__EXERCISE INSTRUCTIONS__:
Print exactly, and only, the lines from the one containing "Audi TT TTS" through the last line of the records below, both included; leave out the pictures.

Dataset items:
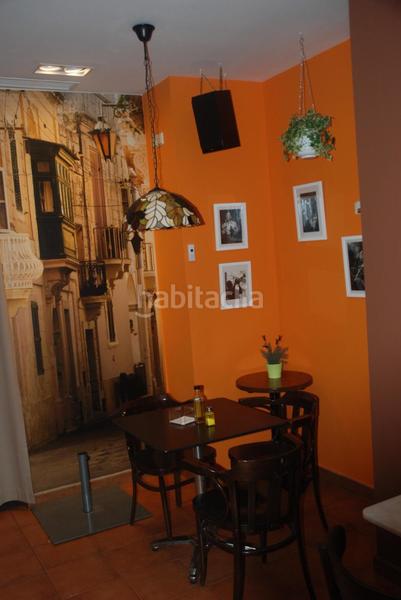 Foto 895290bf-1274-4ab9-90e2-7c6af81422dc. Alquiler local comercial en traspaso cafeteríarestaurante céntrico en Quart de Poblet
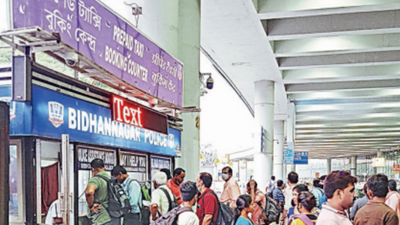 Flyers at Kolkata airport fret over cash-only prepaid cab counters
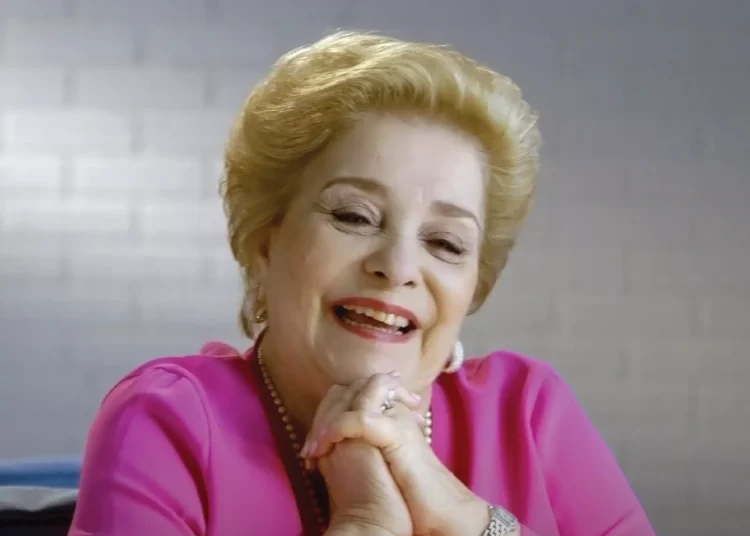 Amadita Pittaluga de González: Llevó el Laboratorio a Cada Hogar y Transformó la Salud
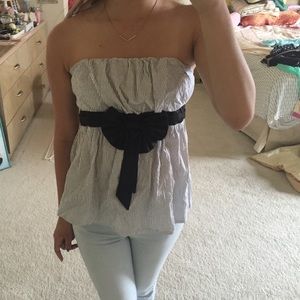 Strapless top (with removable invisible straps)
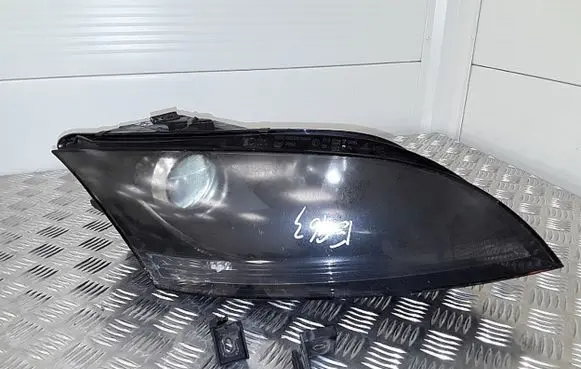 Audi TT TTS Mk2 Headlight/headlamp 8J0941004N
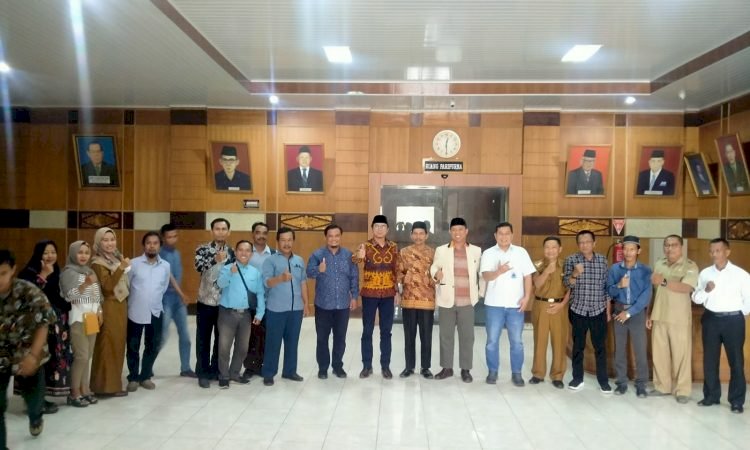 Dewan Perwakilan Rakyat Daerah (DPRD) Kabupaten Ogan Komering Ulu (OKU) berjanji, akan memperjuangkan pinjaman perbankan tanpa bunga bagi pelaku Usaha Mikro Kecil Menengah (UMKM)/ist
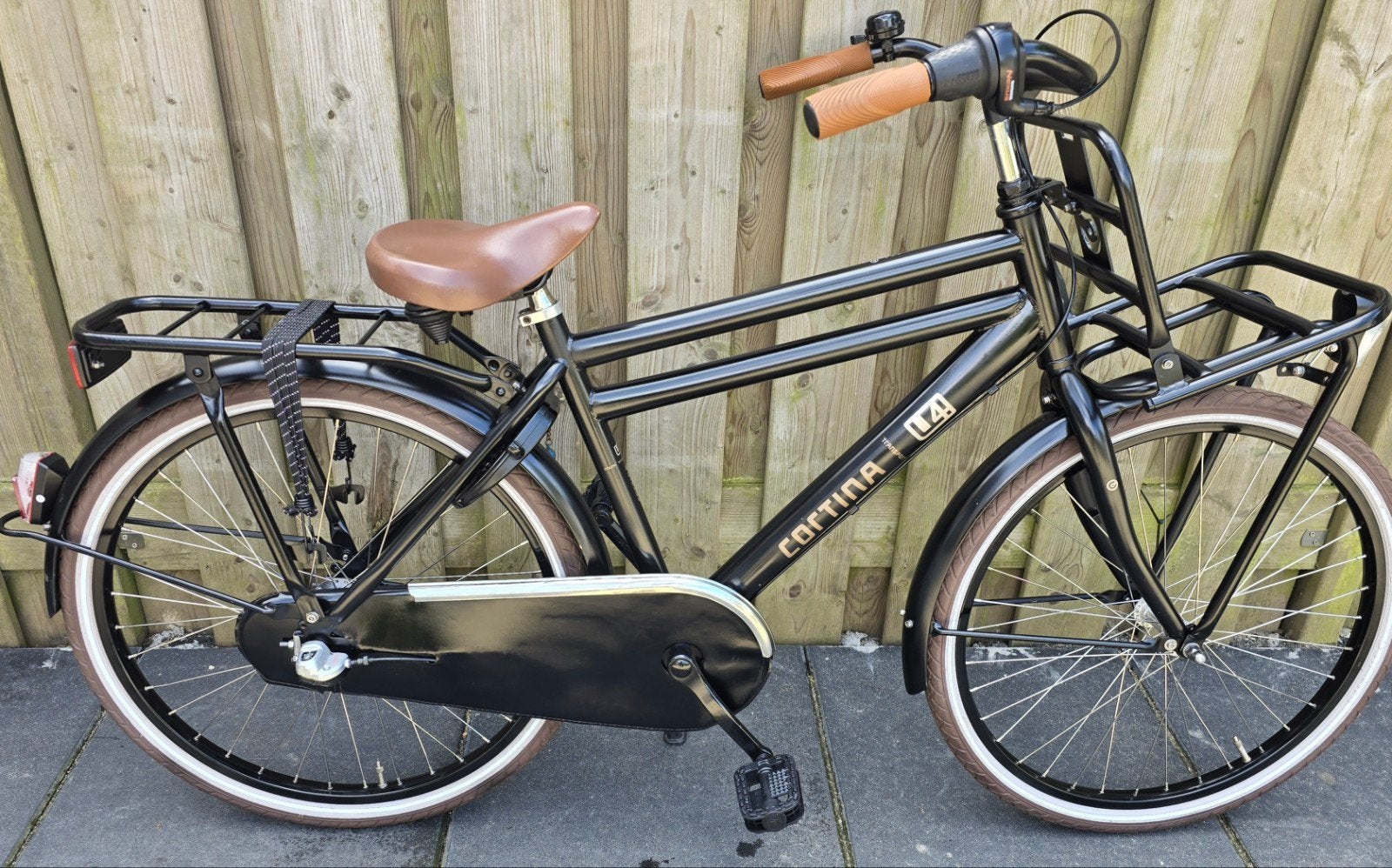Cortina U4 Transportfiets Zwart - Zo goed als nieuw, Fietsen en Brommers, Fietsen | Dames | Damesfietsen, Terugtraprem, Versnellingen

__SOLUTION TO THIS EXERCISE__:
 Audi TT TTS Mk2 Headlight/headlamp 8J0941004N
 Dewan Perwakilan Rakyat Daerah (DPRD) Kabupaten Ogan Komering Ulu (OKU) berjanji, akan memperjuangkan pinjaman perbankan tanpa bunga bagi pelaku Usaha Mikro Kecil Menengah (UMKM)/ist
Cortina U4 Transportfiets Zwart - Zo goed als nieuw, Fietsen en Brommers, Fietsen | Dames | Damesfietsen, Terugtraprem, Versnellingen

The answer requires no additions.